The deformation behavior of polymer materials below their glass transition temperature involves a complex intermingling of elasticity, of viscoplastic yielding with softening and large strain hardening, and of significant rate, temperature and pressure dependency. During unloading, the response exhibits large non-linearity as well, combining forward and backward creep. Even though the nature of the atomistic underlying mechanisms is relatively well understood, a full picture of the interactions between the elementary distortion mechanisms and their collective organization capturing the complexity of the macroscopic behavior is still lacking. Here, we propose a mesoscale approach based on the heterogeneous activation of molecular level shear transformation zones and we show that it is rich enough to unravel the physical origin of most aspects of the macroscopic viscoplastic response.
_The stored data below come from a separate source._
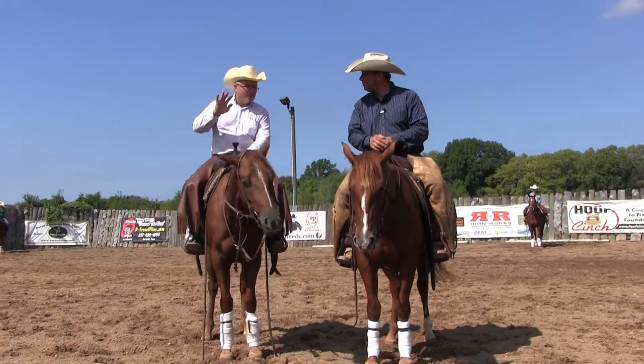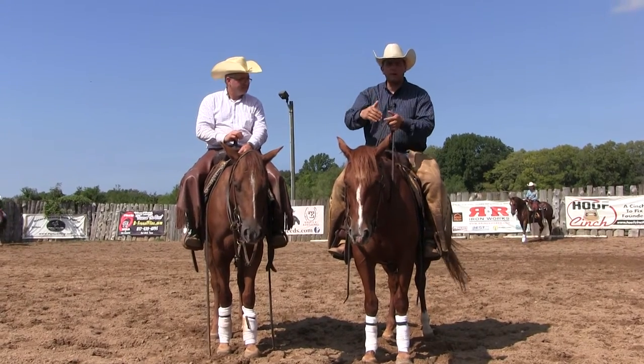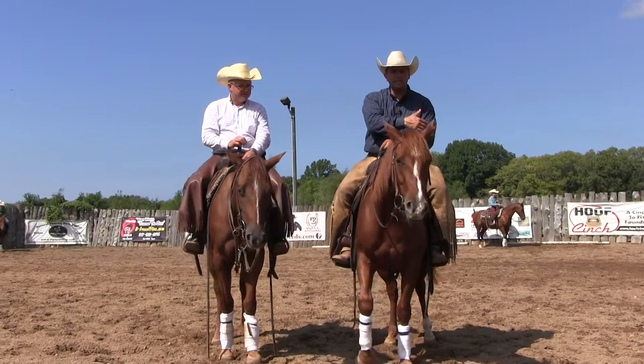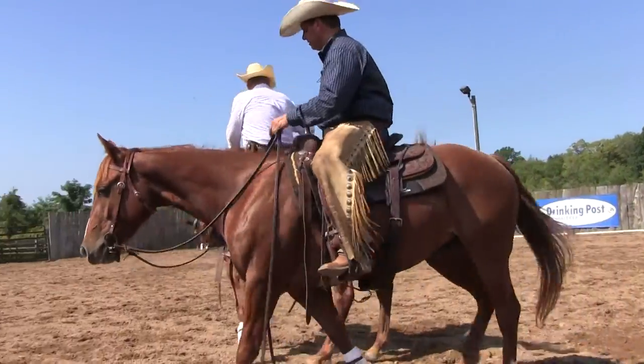That way you avoid getting so much forward motion out of a cutting horse, so that horse doesn't keep chasing him up. This is why we were talking about tracking and mating — only a couple times doing it — and start applying it to this type of situation. So Terry, go out there one more time and let's do it again. Let's step it up a little bit.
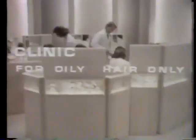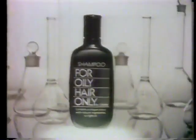If you have oily hair, you have a different kind of sebum. And all the detergent in the world won't change it. Now there's a different kind of shampoo — for oily hair only.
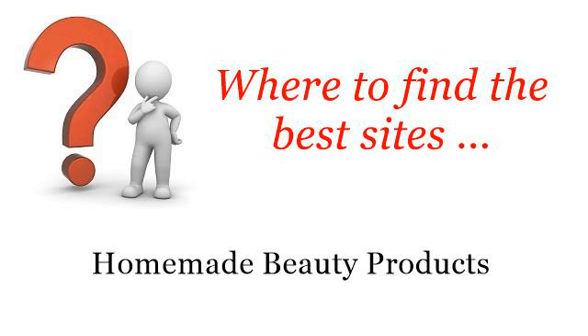Where to find the best sites for homemade beauty products. Hello. You want more information about how to make chamomile oil — these selected resources on the web might help you.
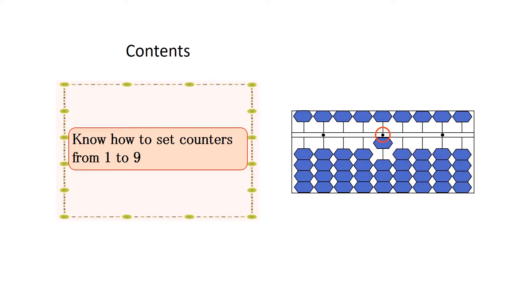When you set 2, raise 2 counters in the 1-unit counters from the top among counters in the line of the unit point, using your thumb.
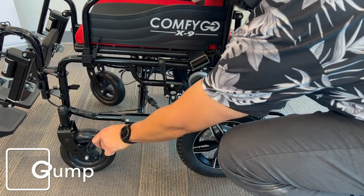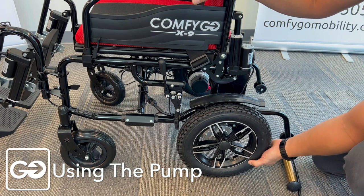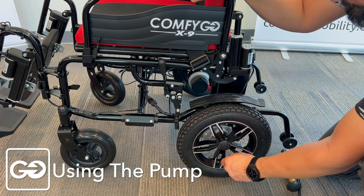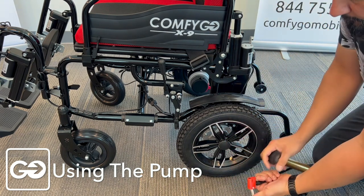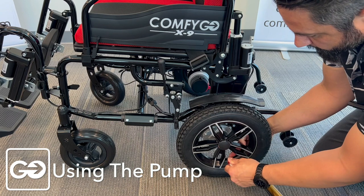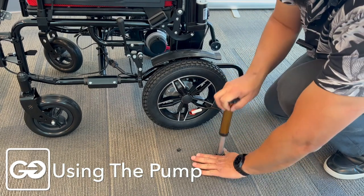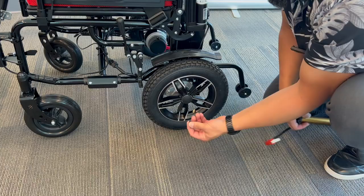On the X9, our front tires are solid tires — they don't need inflating. Our rear tires are pneumatic tires and they do come properly inflated, but we want to make sure they have a little more air. The max pressure you want to put on here is 35 PSI. I'm going to take off our valve stem cap cover and take the pump that was provided in our box. The hole right here on the top matches this valve stem — push it on, you'll hear air coming out, and quickly lock that in place. Then pump to get our tire properly inflated. Pull this tab, pop it off, and reinstall our valve cap.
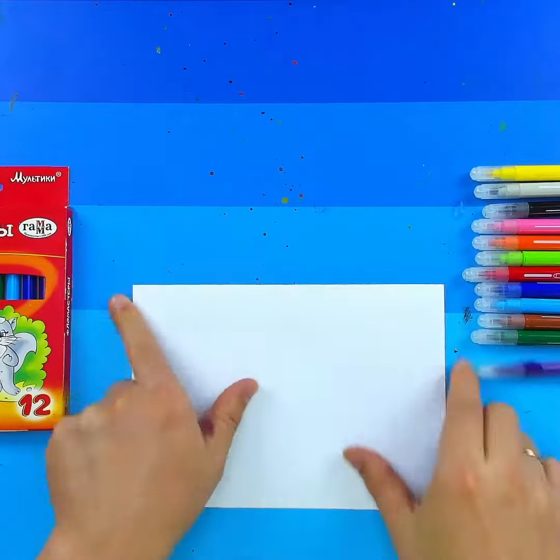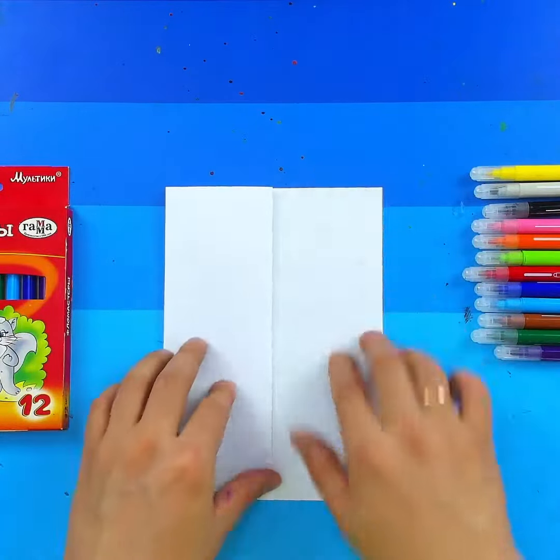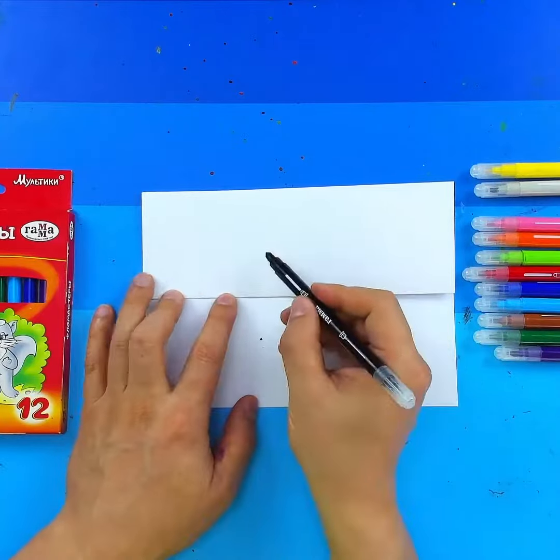I'm going to draw a new folding surprise special for my son. It will be a Shark with teeth. I know it's a very popular theme for folding surprises.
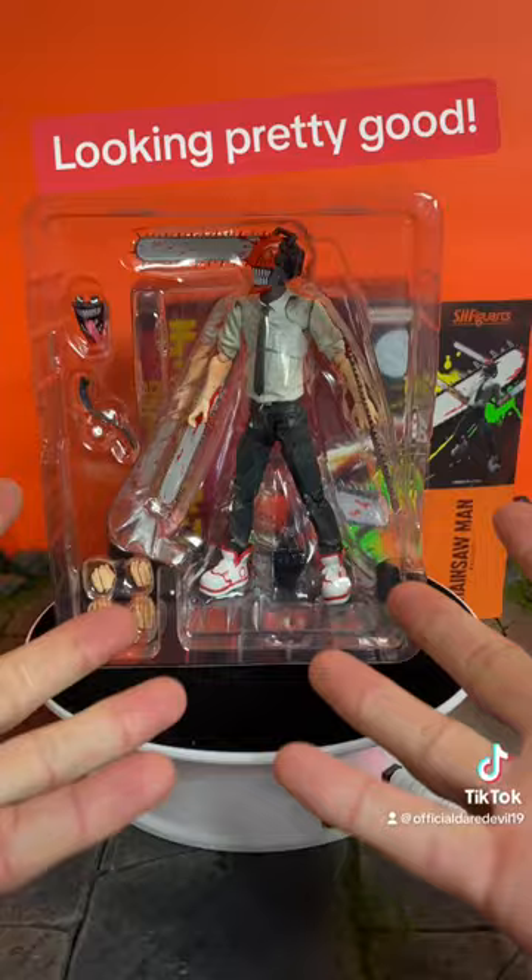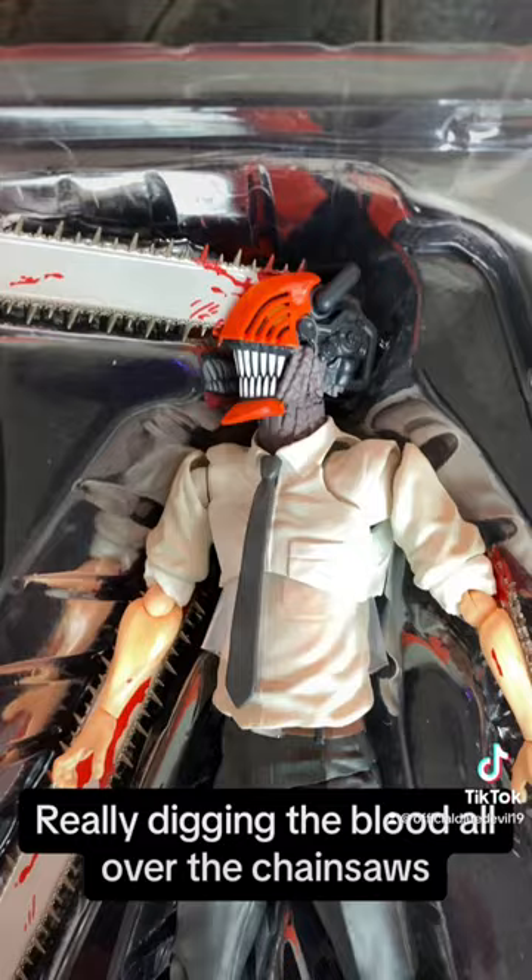Looking pretty good. A closer look at the figure and the accessories. Really digging the blood all over the chainsaws.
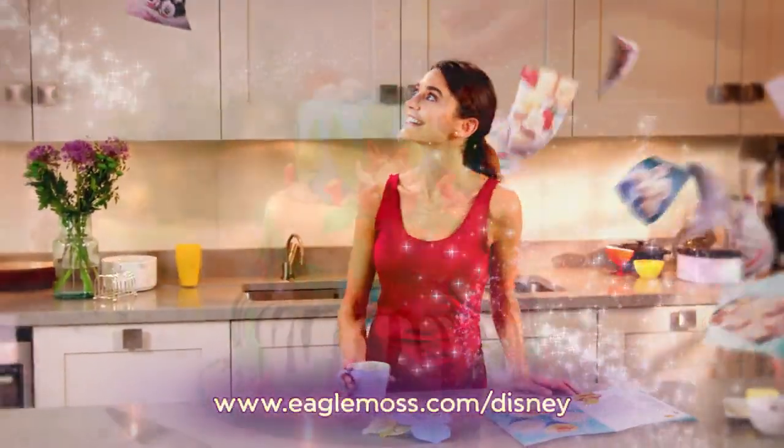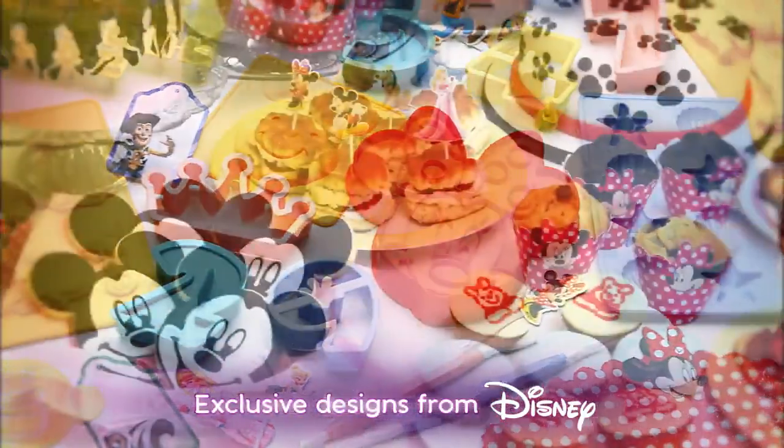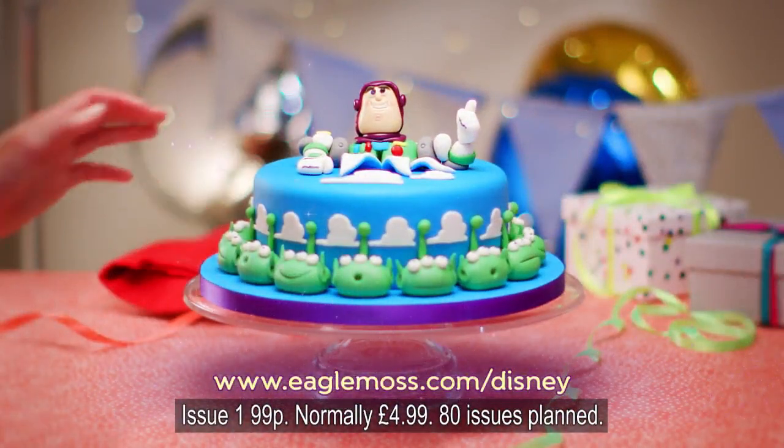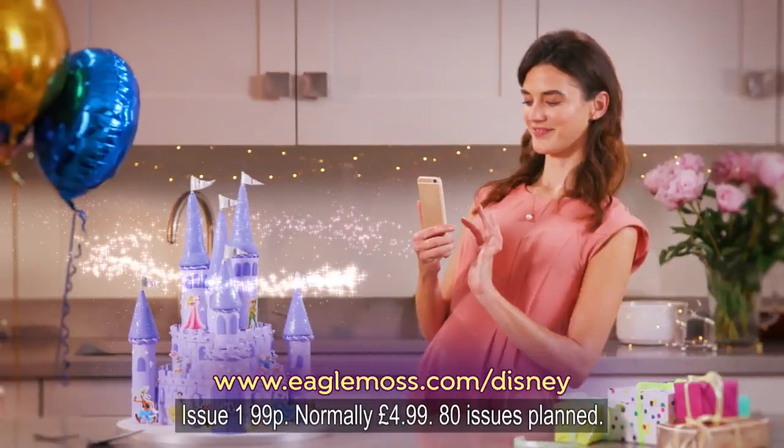Bring some magic into your home with Disney Cakes and Sweets, a fantastic recipe series with moulds, cutters and cake decorating equipment for everyday treats and amazing cakes to share with others. Your weekly magazine has step-by-step recipes with hints and tips for enchanting results.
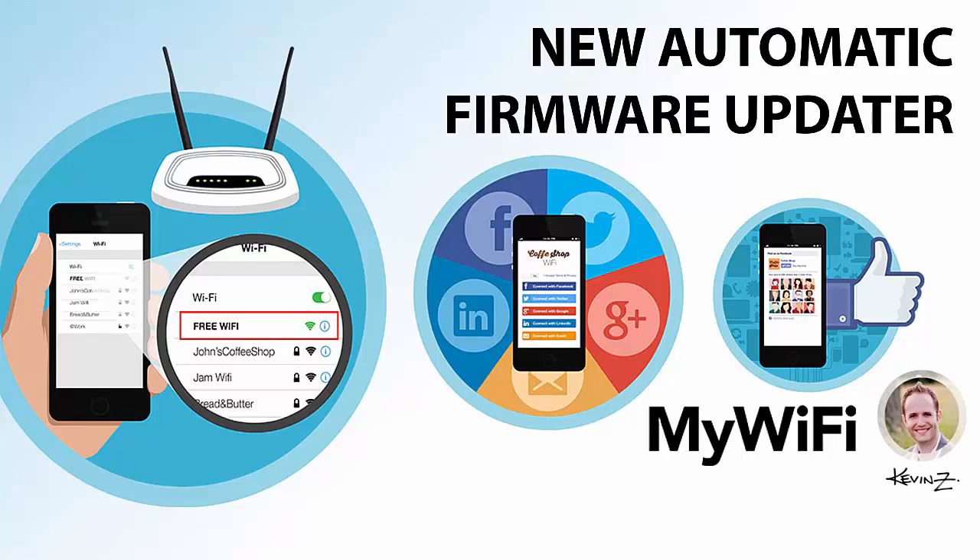Kevin Zee from MyWiFi Networks, and I am excited to announce that our all-new automatic firmware updater is now live in the MyWiFi platform.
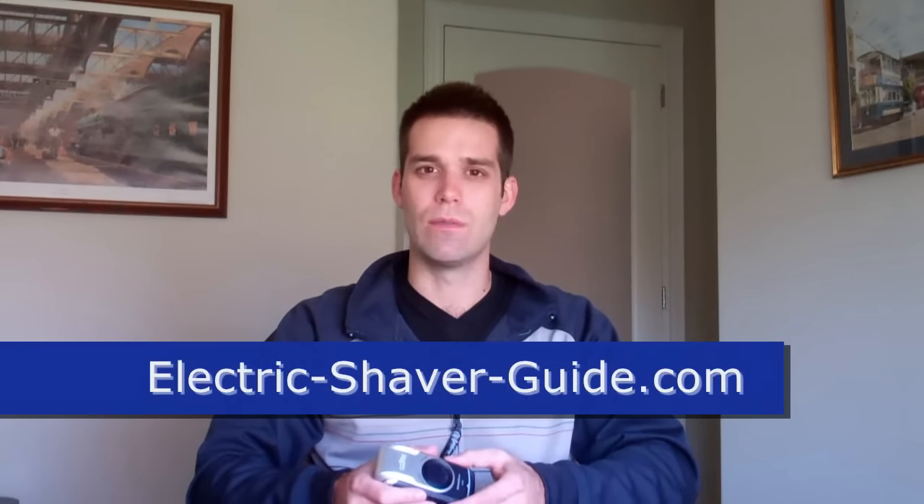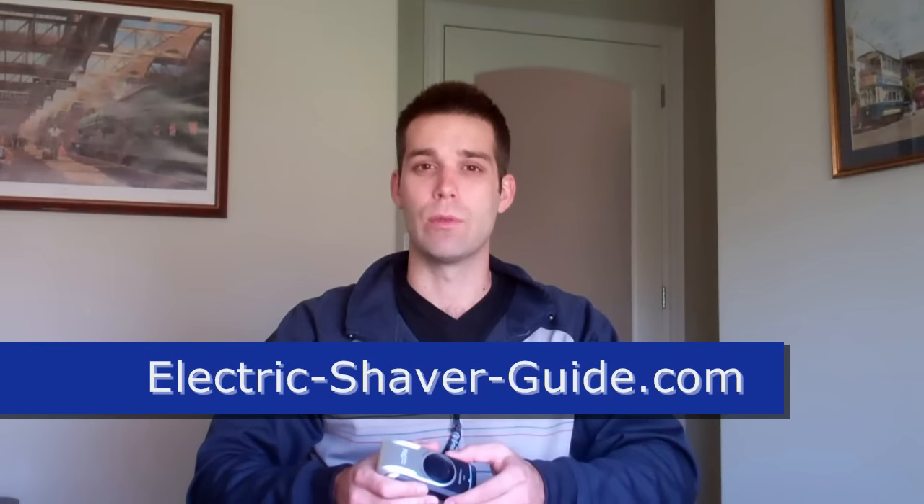If you do choose to get it, I hope you get good results. And as always, you can visit ElectricShaverGuide.com for more shaver reviews.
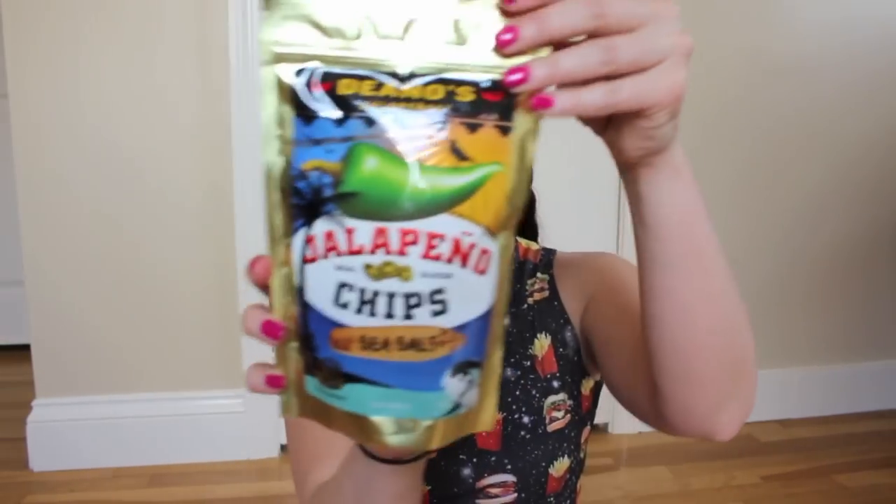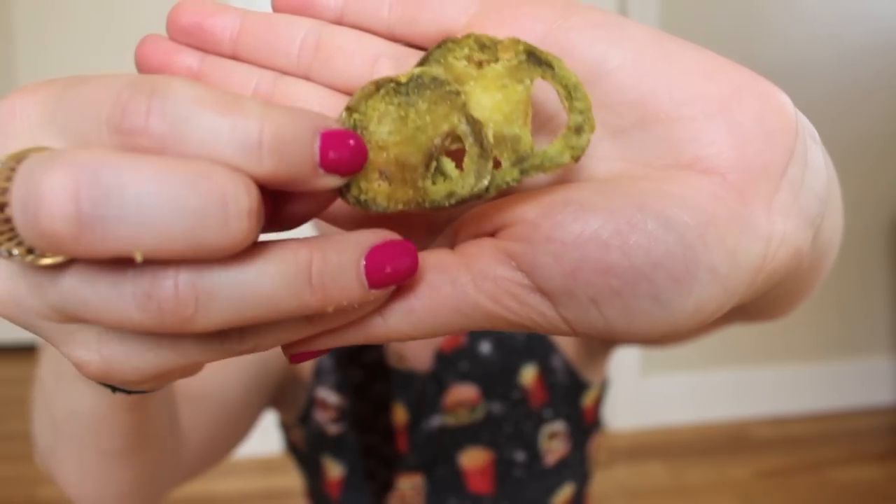The first item I'm pulling out is Dino's Jalapeños — these are jalapeño chips seasoned with sea salt, and they are from Vermont. I'm going to do a very quick little taste test. Oh, so these are actually jalapeños that have been sliced up and made into chips — I thought they were jalapeño-flavored chips. They smell super, super spicy, but here goes nothing. They're so hot! Oh my God, I love jalapeños. These are awesome. So spicy!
The study is based on a wide micro- and macro-mechanical test campaign on a thermoset material. In addition to providing a full characterization of all macroscopic properties, evidence of a complex rate reversal mechanism upon unloading is given. Other experiments provide insights about the characteristic length scales at play. Compared to existing continuum models involving typically more than 25 parameters, the present formalism is based on only 7 physical parameters while allowing quantitative predictions of all the experimental data. The present approach opens new avenues for the prediction of the mechanical response of a variety of polymer applications in confined state such as in composites or in adhesive joints. It also offers a new line of thought to address the mechanics of polymers at small and intermediate length scales.
- Deformation micro-mechanisms
- Discrete and heterogeneous plasticity
- Glassy polymers
- Mesoscale modeling
- STZ Dynamics